Directional Reasoning Injection for Fine-Tuning MLLMs
Chao Huang, Zeliang Zhang, Jiang Liu, Ximeng Sun, Jialian Wu, Xiaodong Yu, Ze Wang, Chenliang Xu, Emad Barsoum, Zicheng Liu
2025-10-23
Summary
This paper investigates how to make image-understanding AI models, called Multimodal Large Language Models (MLLMs), better at reasoning – things like solving math problems based on images. It proposes a new, efficient way to improve their reasoning skills without needing huge amounts of extra training data or complex methods.
What's the problem?
While MLLMs are getting good at understanding both images and text, they often aren't as strong at complex reasoning tasks compared to AI models that *only* work with text. Existing ways to fix this, like training on tons of examples or using reinforcement learning, are really expensive and require a lot of computing power. Simply combining a reasoning-focused text model with an image model doesn't always work well, and can even make performance worse depending on the specific models used.
What's the solution?
The researchers developed a technique called DRIFT, which stands for Directional Reasoning Injection for Fine-Tuning. Instead of directly merging models or retraining everything from scratch, DRIFT figures out the difference in the model's internal settings between a strong reasoning model and the image-understanding model. Then, during a normal training process with images and text, it subtly nudges the model's updates in a direction that encourages better reasoning, based on that pre-calculated difference. This is a lightweight way to transfer reasoning ability without messing up the model's ability to understand images.
Why it matters?
This research is important because it offers a practical and cost-effective way to improve the reasoning abilities of MLLMs. It avoids the need for massive datasets or computationally expensive training, making it easier to build more intelligent AI systems that can understand and reason about the world around us, as seen in images and text.
Abstract
Multimodal large language models (MLLMs) are rapidly advancing, yet their reasoning ability often lags behind that of strong text-only counterparts. Existing methods to bridge this gap rely on supervised fine-tuning over large-scale multimodal reasoning data or reinforcement learning, both of which are resource-intensive. A promising alternative is model merging, which interpolates parameters between reasoning-enhanced LLMs and multimodal variants. However, our analysis shows that naive merging is not always a "free lunch": its effectiveness varies drastically across model families, with some (e.g., LLaVA, Idefics) benefiting while others (e.g., Qwen) suffer performance degradation. To address this, we propose Directional Reasoning Injection for Fine-Tuning (DRIFT) MLLMs, a lightweight method that transfers reasoning knowledge in the gradient space, without destabilizing multimodal alignment.

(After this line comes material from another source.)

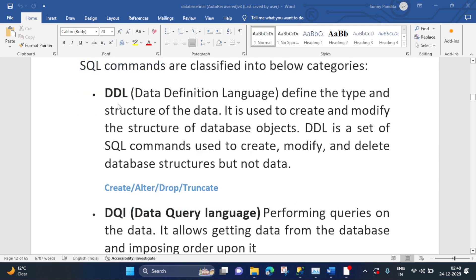So what is DDL? It is a Data Definition Language which defines the type and structure of data. In this category, we use commands like CREATE, ALTER, DROP, and TRUNCATE. With these commands, we define the type and structure of data, so we call DDL as Data Definition Language.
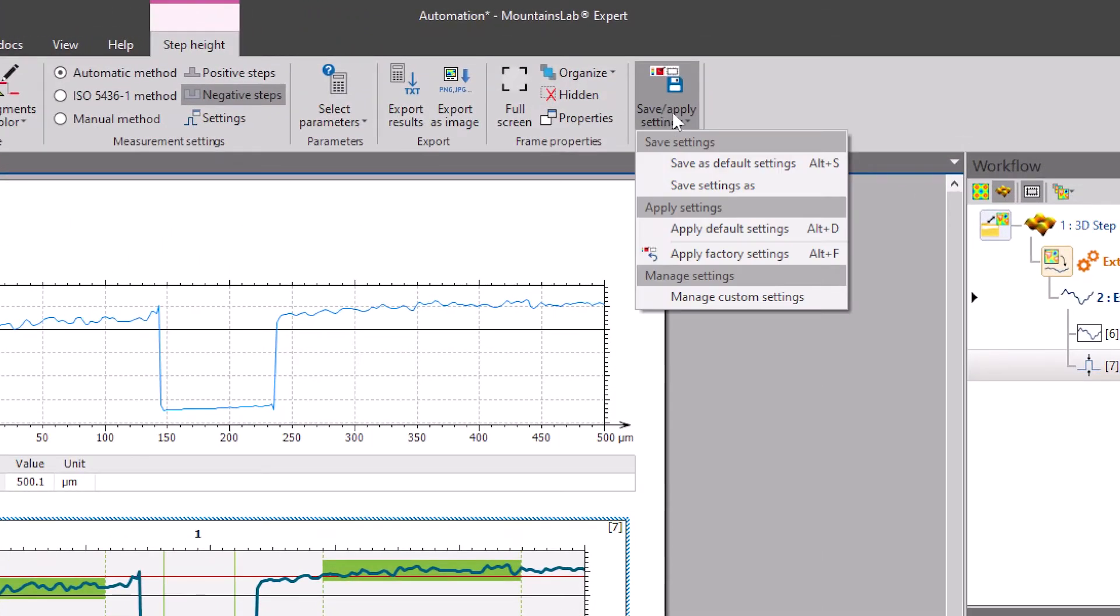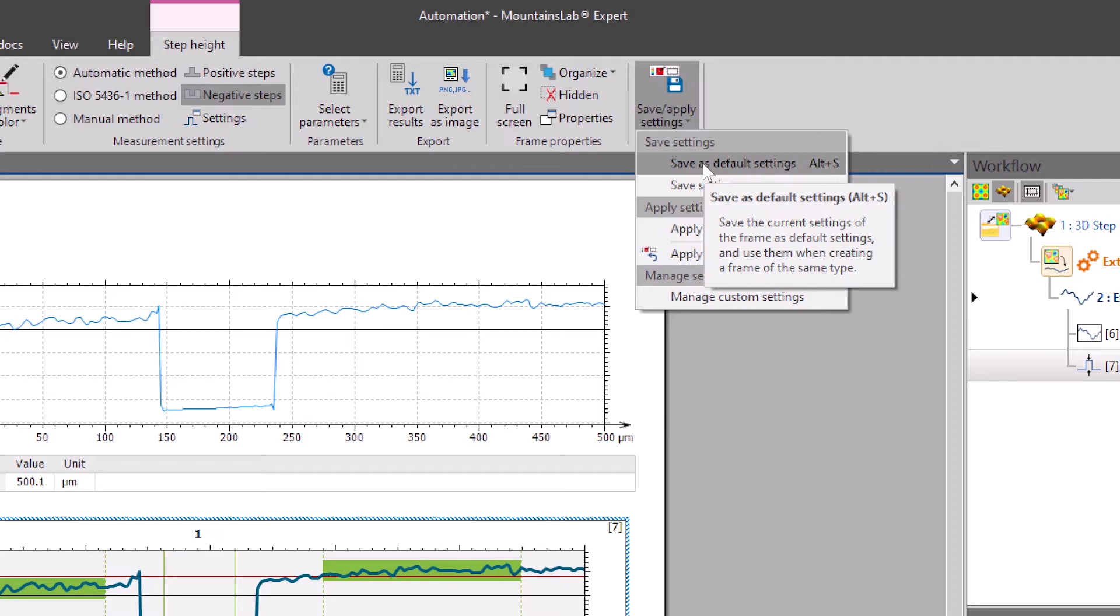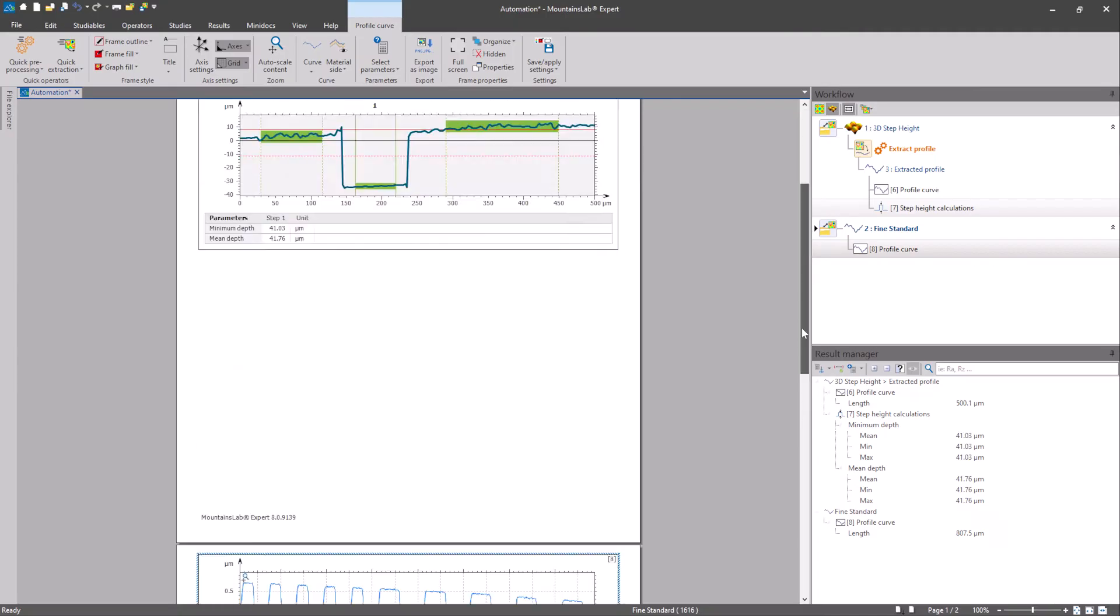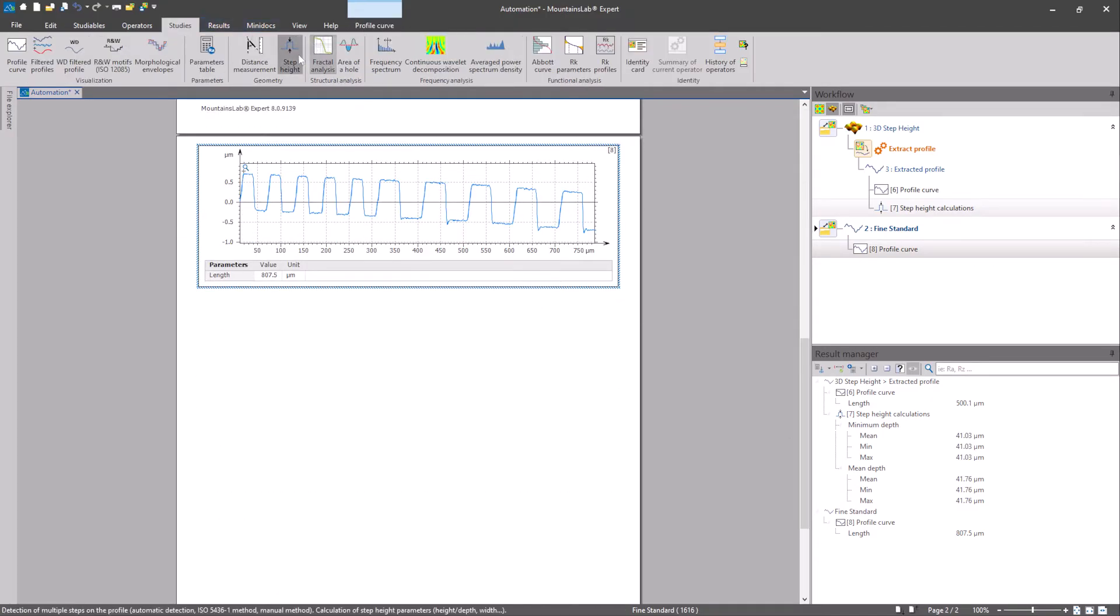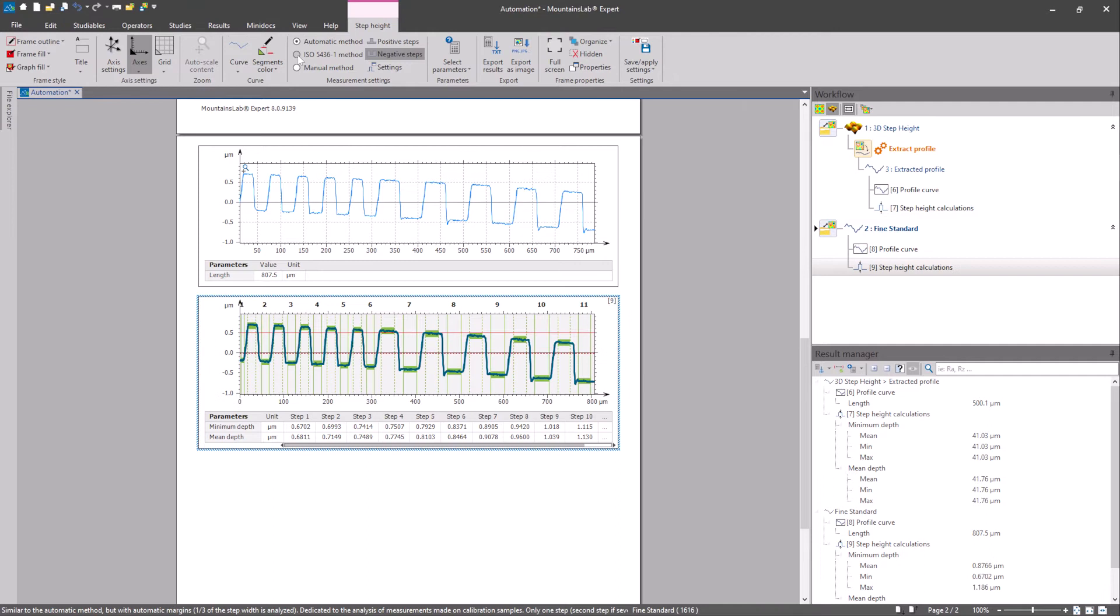Then I simply save my settings by clicking on the Save Settings button and any further step height study that I carry out is automatically formatted the way I want.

DRIFT precomputes a reasoning prior as the parameter-space difference between reasoning and multimodal variants, then uses it to bias gradients during multimodal fine-tuning. This approach preserves the simplicity of standard supervised fine-tuning pipelines while enabling efficient reasoning transfer. Extensive experiments on multimodal reasoning benchmarks, including MathVista and MathVerse, demonstrate that DRIFT consistently improves reasoning performance over naive merging and supervised fine-tuning, while matching or surpassing training-heavy methods at a fraction of the cost.